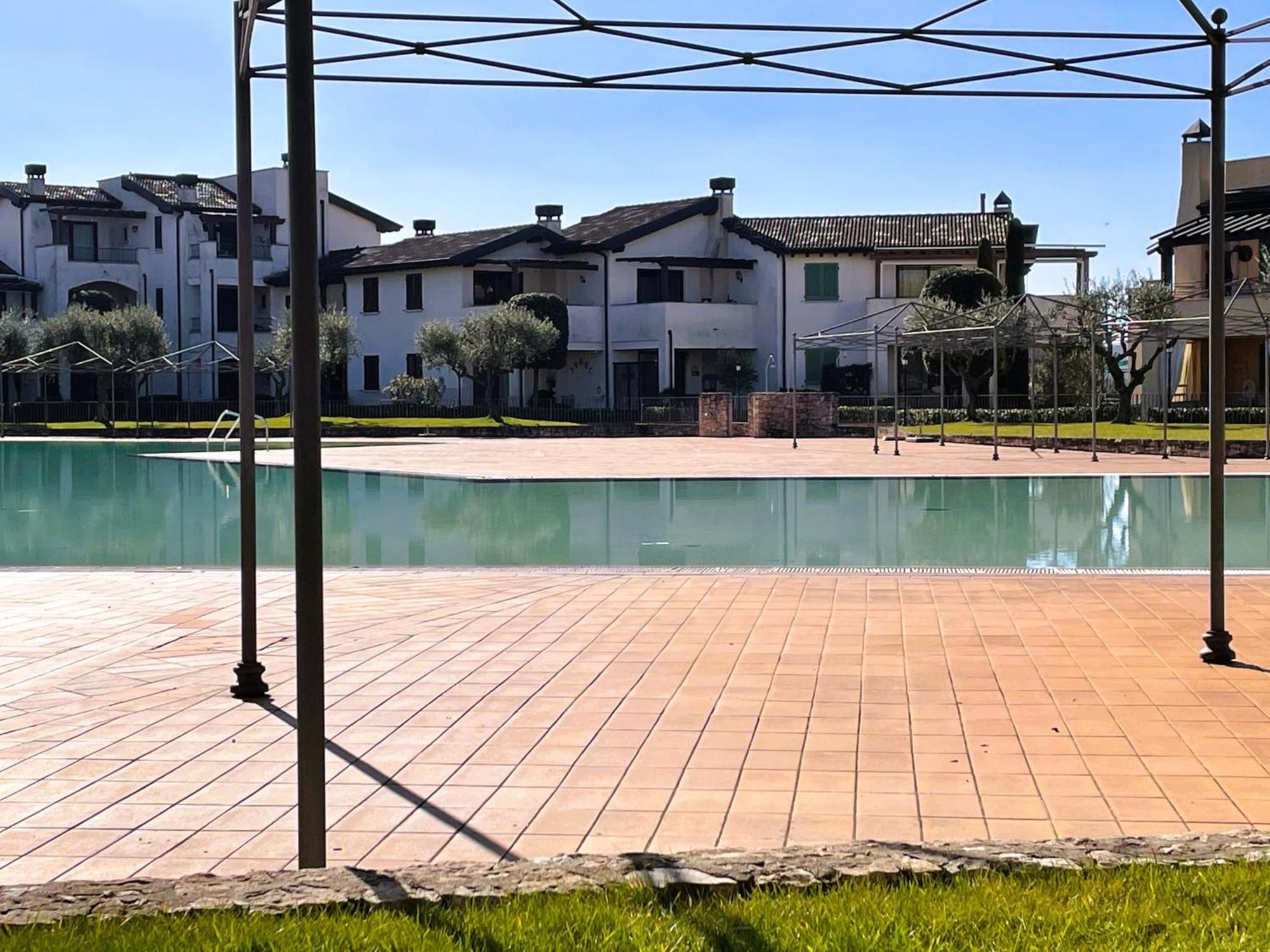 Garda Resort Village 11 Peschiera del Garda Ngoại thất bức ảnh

= = = =

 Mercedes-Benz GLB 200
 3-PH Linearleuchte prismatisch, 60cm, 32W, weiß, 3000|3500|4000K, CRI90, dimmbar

= = = =

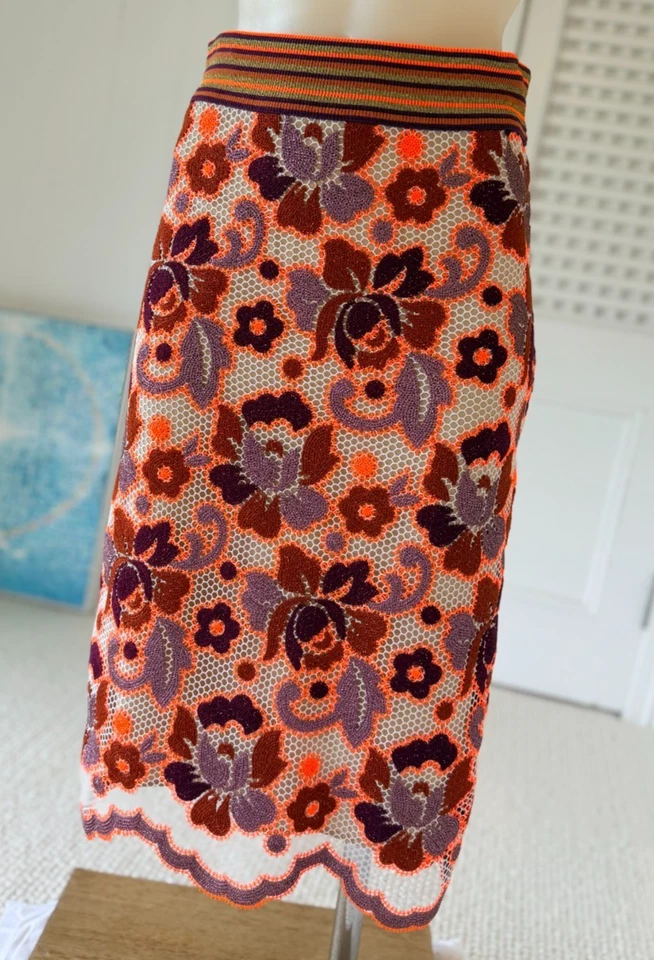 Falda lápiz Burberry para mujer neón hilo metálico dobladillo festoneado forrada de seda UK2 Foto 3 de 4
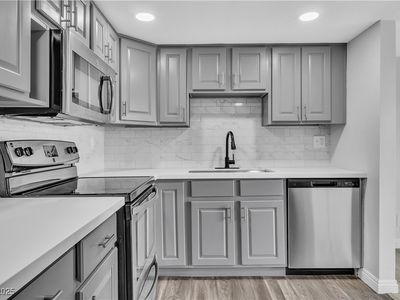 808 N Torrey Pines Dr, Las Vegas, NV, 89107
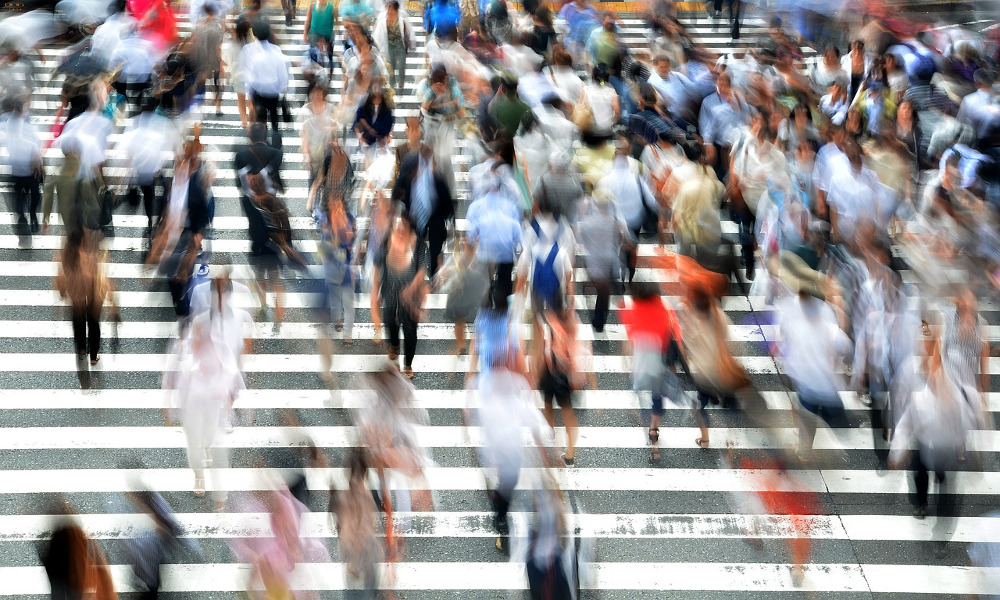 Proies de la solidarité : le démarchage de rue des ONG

= = = =

## Requirement
What to print is the stretch of entries from the line with "Falda lápiz Burberry" up to and including the line with "Proies de la". Please print it exactly and leave out the pictures.

## Solution
 Falda lápiz Burberry para mujer neón hilo metálico dobladillo festoneado forrada de seda UK2 Foto 3 de 4
 808 N Torrey Pines Dr, Las Vegas, NV, 89107
 Proies de la solidarité : le démarchage de rue des ONG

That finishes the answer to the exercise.